As for G6PD, it can destroy red blood cells, leading to the onset of hemolytic anemia, said Dr. Marta Frigeni, a pediatrician and a medical geneticist, at Northwell Health. Hemolytic anemia is a condition that results in a dearth of red blood cells — crucial providers of oxygen to body tissue, according to Mount Sinai-New York.
When Mickel Smith and Shade Robinson's second child, Niko, was born in November at NYU Langone Hospital-Long Island in Mineola, doctors screened the child for the 52 disorders. The tests came back negative.
But when the newborn exhibited symptoms of G6PD, the doctors checked for the condition and the results came back positive.
Niko stayed in the hospital for the next week, his mother said, but is back home and doing well.
"It was pretty scary at first because we didn’t know what was wrong with him," said Robinson, 21, who is of Barbadian descent.
Neither Robinson nor Smith, who is of Jamaican ancestry, have been checked for the disorder but they intend to, she said. They also plan to have their 1-year-old daughter, Amara, checked, she said.
While there’s no state-by-state data, the World Health Organization said 400 million people globally have the deficiency.
The deficiency is not widespread nationwide because its prevalence depends on the ethnic makeup of each state, said Dr. Robert Lee, president of the American Academy of Pediatrics’ Chapter 2 region, which covers Long Island, Queens and Brooklyn.
"Since New York State has a big variety of ethnic backgrounds this is a very common condition," said Lee, who is a pediatrician at NYU Langone-Long Island.
On Long Island, the population of Asians and Black residents increased by 288,065, according to the 2020 U.S. Census. Residents who identify as minorities, including Hispanics, Blacks and Asians, comprise 40.2% of Long Island, according to the Census.
G6PD can be passed on to newborns through their mothers who carry the gene, according to Johns Hopkins, even without exhibiting symptoms.
Prospective parents can get tested for G6PD. A positive result shouldn't preclude people from having children, Lee said, or mean they will have a child with the genetic disorder, because "with any inherited condition, it’s something they could be perfectly fine and healthy."
Because of the law, Lee said, pediatricians will have conversations with families earlier about signs of G6PD. A key indicator for the disorder is high amounts of jaundice — yellow discoloration of a newborns' skin and eyes caused by excess bilirubin — produced by the breakdown of red blood cells. On rare occasions, according to the Mayo Clinic's website, "an unusually high blood level of bilirubin can place a newborn at risk of brain damage, particularly in the presence of certain risk factors for severe jaundice."

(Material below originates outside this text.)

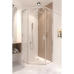 Qtap Scorpio Душова кабіна CRM10995-AC6, 90x90 см, п“ятикутна, скло 6 мм Clear, CalcLess, двостулкова, без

Babylon resident Keely Harris, the founder of the g6pd Deficiency Foundation, said her grandson, Brody, 8, tested positive for G6PD and developed kernicterus, a type of brain damage resulting from jaundice, days after his birth in Rhode Island.
"Our foundation was started to spare other newborns such life-threatening events by raising awareness of how undiagnosed G6PD deficiency can cause jaundice," reads a message on the Babylon nonprofit's website under the heading, "Brody's Story."
Adding G6PD deficiency to the newborn screening will "keep the baby healthy throughout its life," Harris said in an interview.
While newborns are currently checked for high bilirubin levels, Frigeni said the state adding G6PD deficiency as a condition on its screening list will mean more diagnoses.
"We’re also going to change some of the guidelines when it comes to the treatment of high bilirubin in newborns and for the patients that have G6PD," Frigeni said. "We might start treating elevated bilirubin sooner than we would normally do for somebody who doesn’t have the condition."
Sen. Gustavo Rivera (D-Bronx) sponsored the bill after connecting with Harris' foundation.
Rivera said in a statement that with ongoing disparities regarding access to health care, lawmakers "continue to implement measures that seek to build an equitable health care delivery system and address the needs of our ethnically diverse population."